150 Years Ago: “…the consequence of getting astride of a river…”

On this day (November 17) in 1862, elements from the Right Grand Division of the Army of The Potomac arrived at Falmouth, Virginia and looked across the Rappahannock River on Fredericksburg.  General Edwin V. Sumner commanded those Federal troops.  Later, in sworn testimony to the Joint Committee on the Conduct of the War, Sumner recalled:

On my arrival here, on the 17th of November, a battery of artillery on the other side of the river opened upon us the moment a portion of my troops appeared on the ridge back of Falmouth.

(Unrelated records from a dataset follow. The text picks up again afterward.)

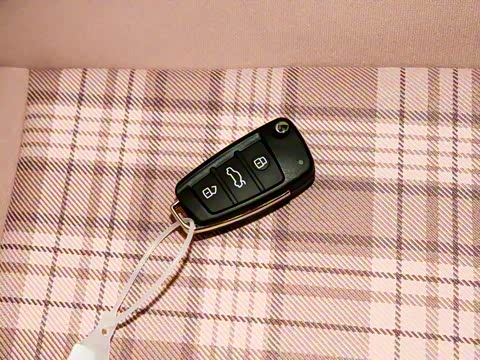 2025�� 205km ʥ����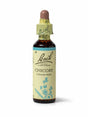 Sealed dropper bottle of Bach™ Original Flower Remedy Chicory 20ml  on a white background. The bottle label reads " Bach™  Original Flower  Remedies  Chicory - Cichorium intybus" and includes a blue illustration of the flower at the bottom.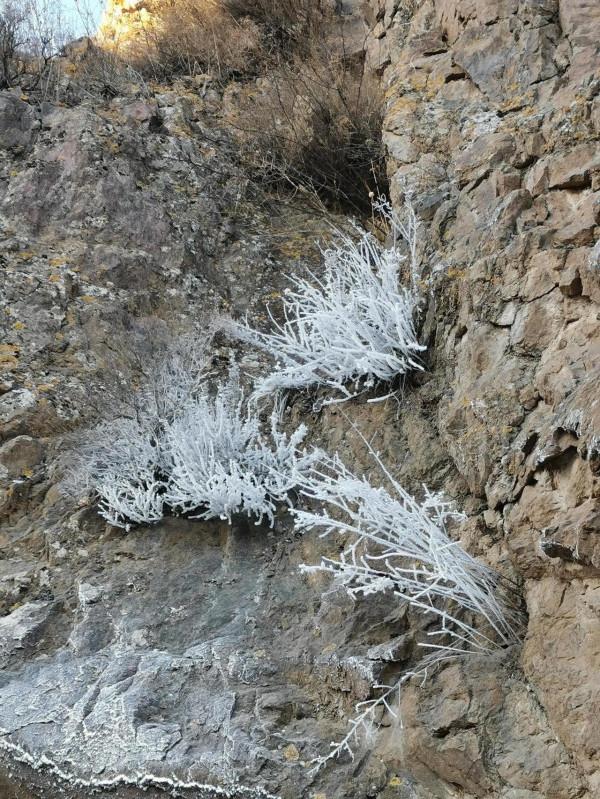 紅一師戰友軍嫂新年第一遊：宣化立石村滴冰喜煞人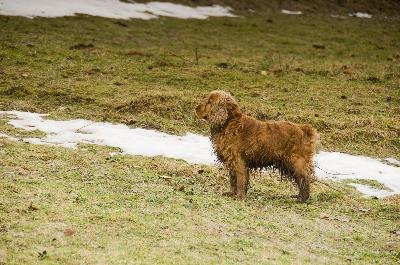 Cocker Spaniel image by Zbigniew Nowak from Fotolia.com While the cocker's name suggests Spanish origin, their actual homeland is unkown.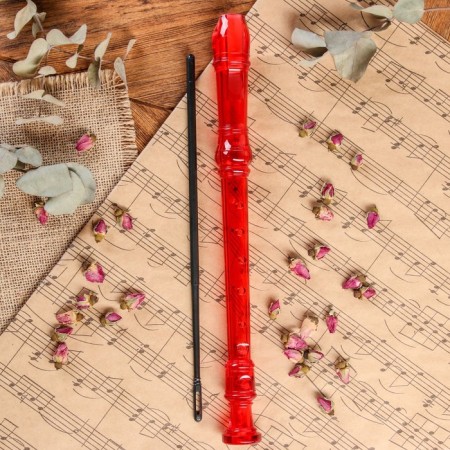 Music Life Blockflate, 8 holes, German system, red-1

I immediately put a battery into position, and, I think, in not to exceed fifteen minutes, they drove every man on the other side from the guns, and they ran off and left four guns on the field.  My orders were to advance and hold Falmouth, not to cross.  But the temptation was so strong to go over and take those guns the enemy had left at one time I actually gave the order to cross the fort at all events and seize the guns and occupy the city.  But on reflection I concluded I was rather too old a soldier to disobey a direct order; and there was another reason too: I had had little too much experience on the peninsula of the consequence of getting astride of a river to risk it here.  For these two reasons I revoked my order that night.

That night I sent a note to General Burnside, who was some eight or ten miles distant, asking him if I should take Fredericksburg in the morning should I be able to find a practicable ford, which, by the way, I knew when I wrote the note that I could find.  The General replied, through his chief of staff, that he did not think it advisable to occupy Fredericksburg until his communications were established, and, on reflection, I myself thought that he was right; that it was prudent and proper to have bridges ready before we occupied Fredericksburg.  I think I could have taken that city and the heights on the other side of it any time within three days after my arrival here if the pontoons had been here, for I do not think there was much force of the enemy here up to that time.

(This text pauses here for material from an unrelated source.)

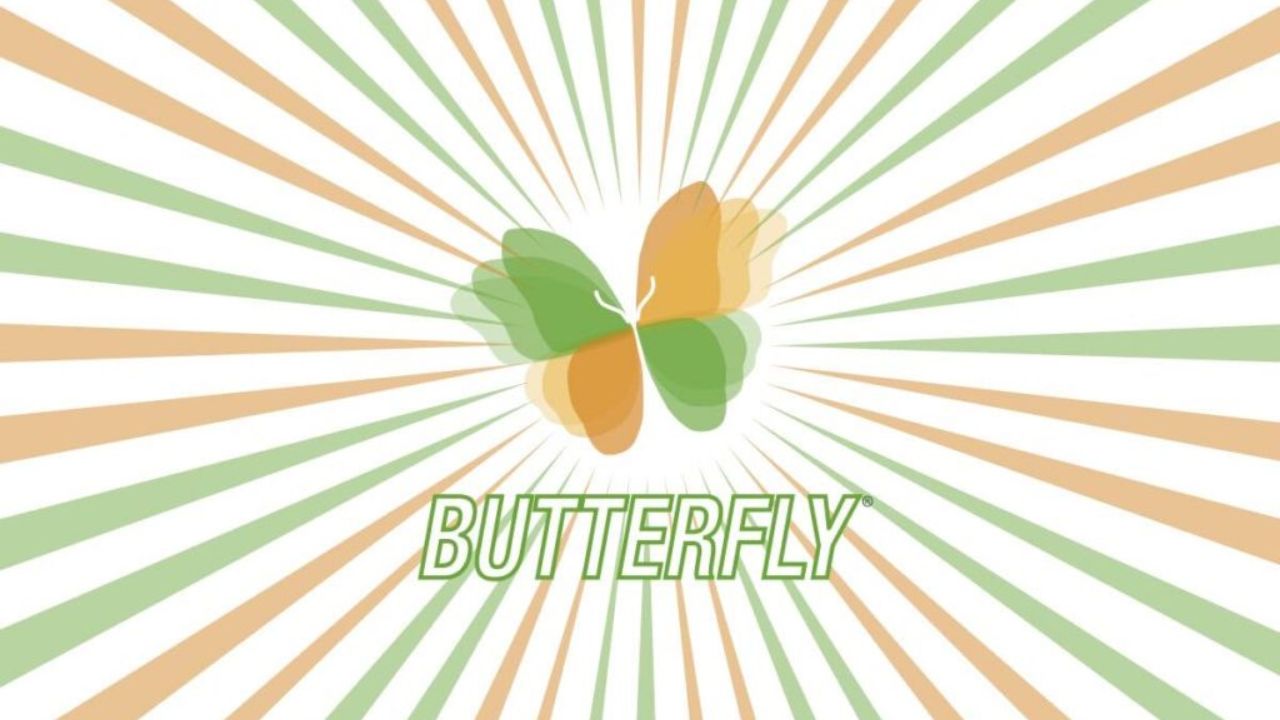 butterfly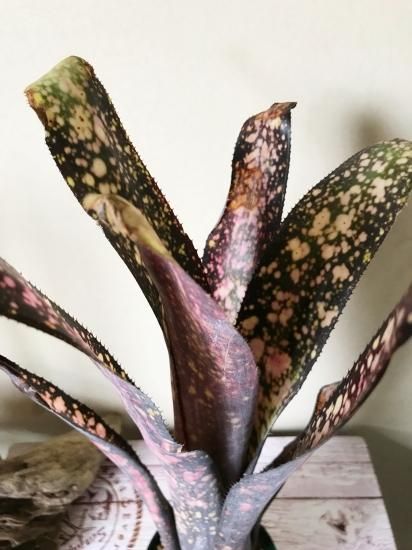 現品】ビルベルギア・ブラックチェリー Billbergia Black Cherry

Sumner continues to detail the delays moving supplies and pontoons from Acquia Landing (he mentions “creek” but is referring to the facilities at the landing) up to the positions at Falmouth, and the need to rebuild railroad lines.  Those words – “temptation”, “practicable”, “prudent”, and “proper” – are the sounds of a campaign reaching an unexpected pause.

Considering the actions of November 17, 1862, a lot of armchair generals will mention the need for momentum.  Some will conjure up the scene from the Patton movie where the general with his shiny helmet and riding crop berates a subordinate from across a river.  Yes, there’s a lot to be said about getting over the river.  But there’s also a lot to be said about STAYING over the river.